### Task to carry out
Output, word for word, the line that contains "LOWERPRO Truckee BP" and all lines after it in the records below, omitting pictures.

Captioned web image data:
== Segment start ==

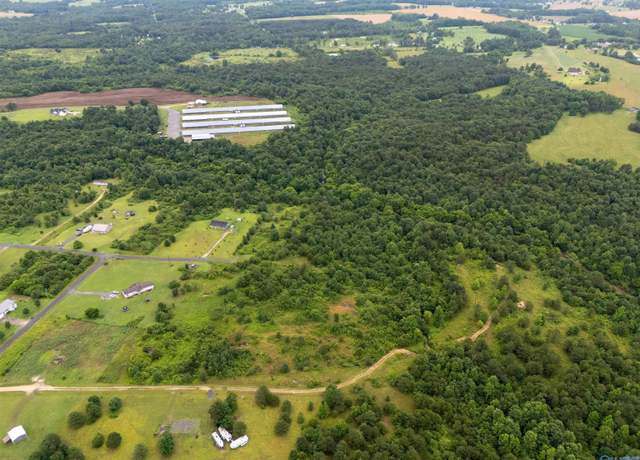 Property at 61 County Road 1957, Rainsville, AL 35986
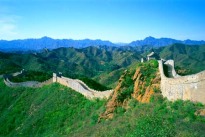 Länder-Info China Länder-Info China
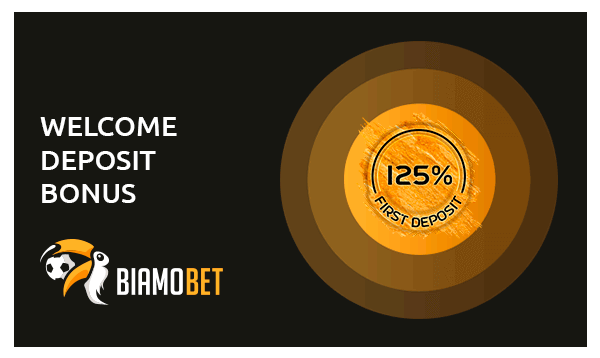 biamobet app welcome deposit bonus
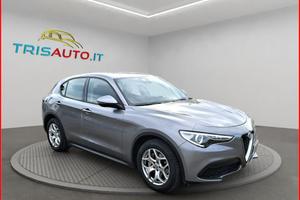 ALFA ROMEO Stelvio 2.2 TD AT8 Business (BIXENO+
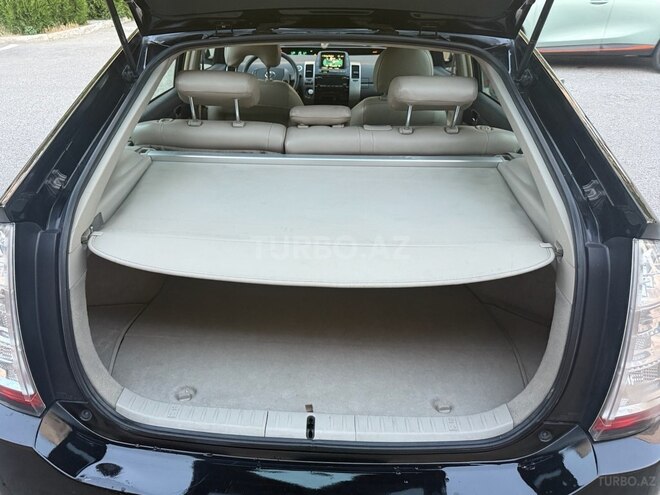 Toyota Prius 2008, 243,245 km - 1.5 l - Bakı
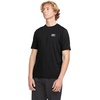 image:imageVolcom Deadly Stones Short Sleeve RashguardBlack Modstone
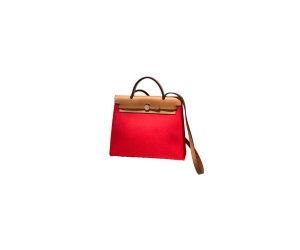 HERMES Herbag Zip 31 bag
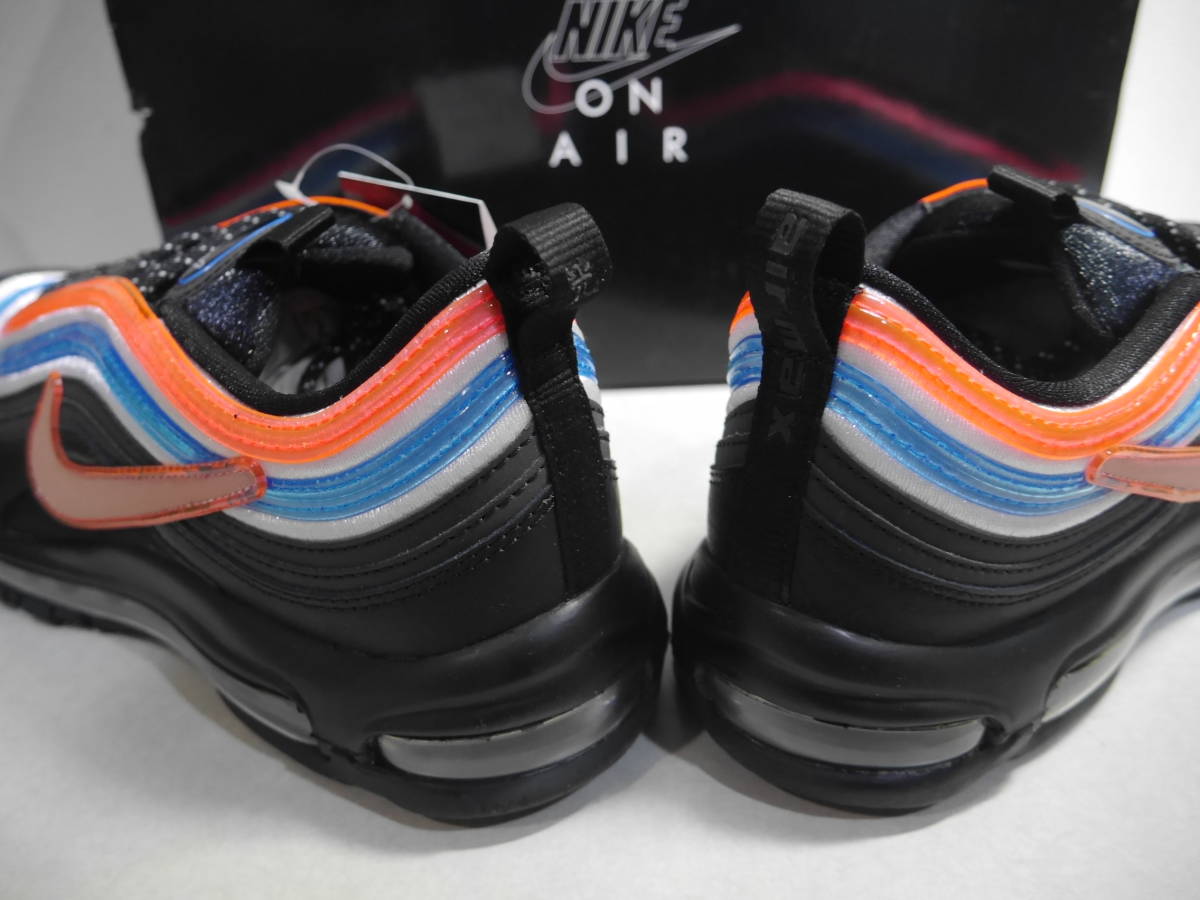 NIKE AIR MAX 97 OA GS ON AIR SEOUL エア マックス 97 オンエア ソウル US11 未使用 CI1503-001_画像3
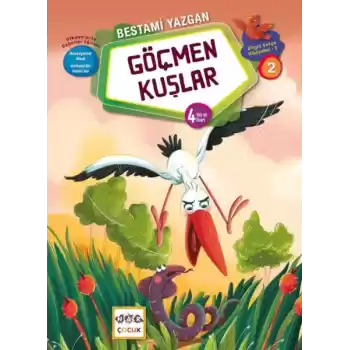 Göçmen Kuşlar
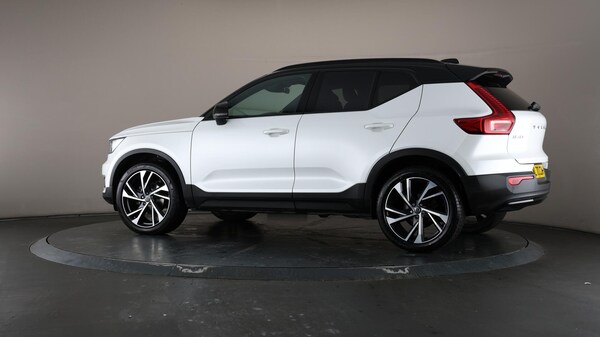 Used Volvo XC40 2020 for sale - 76189323: Photo 77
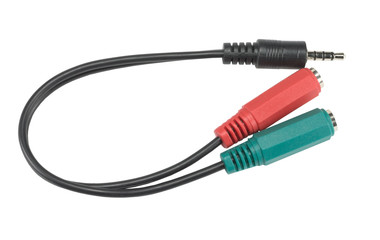 the Computer Cable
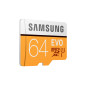 Samsung EVO 64 GB MicroSDXC UHS-I Classe 10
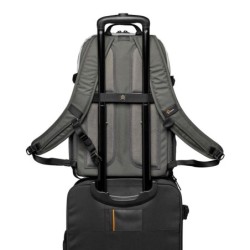 LOWERPRO Truckee BP 250 LX Gris | Mochila versátil para fotografía y uso diario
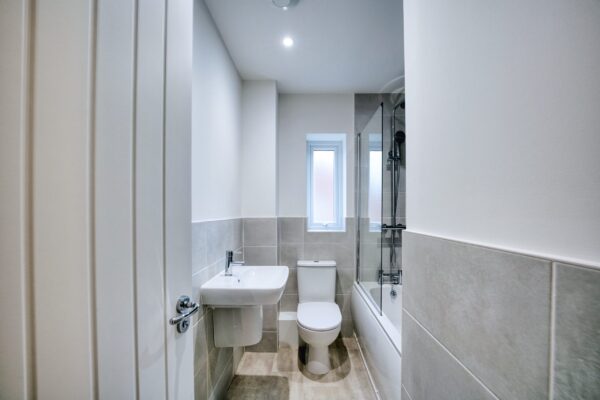 Bathroom Bathroom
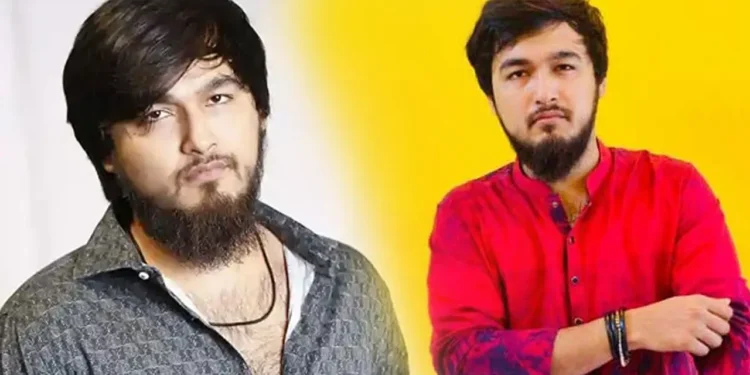 ‘প্রেমের ফাঁদে’ ১৩ লাখ টাকা আত্মসাৎ;  মা-স্ত্রীসহ নোবেলের বিরুদ্ধে গ্রেপ্তারি পরোয়ানা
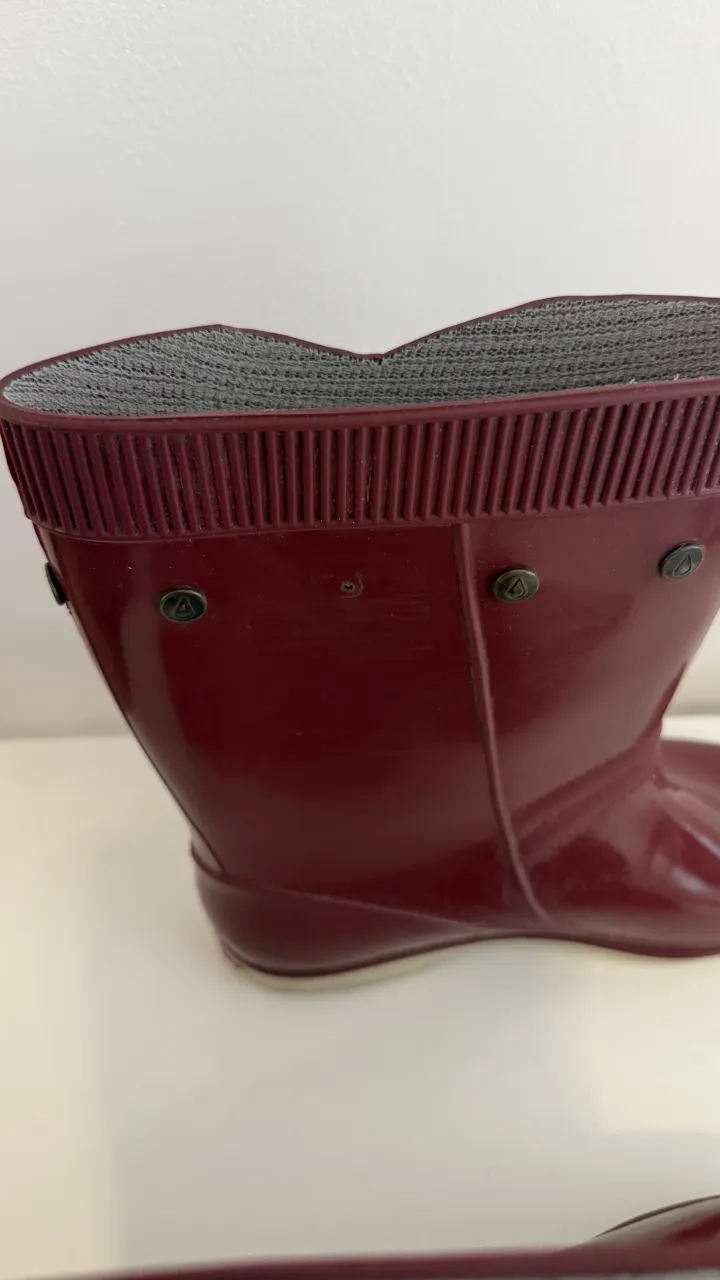Botas SECO - imagen 5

== Segment end ==

### Exercise answer
 LOWERPRO Truckee BP 250 LX Gris | Mochila versátil para fotografía y uso diario
 Bathroom Bathroom
 ‘প্রেমের ফাঁদে’ ১৩ লাখ টাকা আত্মসাৎ;  মা-স্ত্রীসহ নোবেলের বিরুদ্ধে গ্রেপ্তারি পরোয়ানা
Botas SECO - imagen 5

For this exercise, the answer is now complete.